Mr. Olmert said the fight against Hezbollah will continue and will only stop when the threat of Hezbollah rockets is removed from Israel's northern border and when the two soldiers Hezbollah captured July 12 are returned.
The prime minister said Israel is sorry for the pain its military operations are causing Lebanese civilians, but he said Israel will not apologize for its actions against Hezbollah.
Mr. Olmert said the Israeli offensive has already inflicted a heavy blow on Hezbollah
from which, he said, the group may never recover. He said Israel would pursue the group's leaders anywhere and anytime.
Earlier, Israel's Defense Minister Amir Peretz said the military plans to "expand and strengthen" its operations against Hezbollah.
But, there was a lull in the fighting and Lebanese civilians took advantage of it to flee villages in the south, where many had been trapped with little food and water during the more than two weeks of fighting.
Before leaving Jerusalem early Monday, Secretary of State Condoleezza Rice said she thought a cease-fire was possible this week.
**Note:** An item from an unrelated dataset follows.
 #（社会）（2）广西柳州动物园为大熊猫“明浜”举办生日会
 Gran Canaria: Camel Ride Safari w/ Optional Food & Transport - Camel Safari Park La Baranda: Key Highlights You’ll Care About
Speaking in Miami, President Bush said the United States will work with its allies to end the fighting, but repeated Washington's position that a cease-fire must be coupled with a plan to address the root causes of violence in the Middle East.
The focus has been on quick action by the United Nations. But, a U.N. meeting to discuss the formation of an international peacekeeping force for Lebanon was abruptly postponed.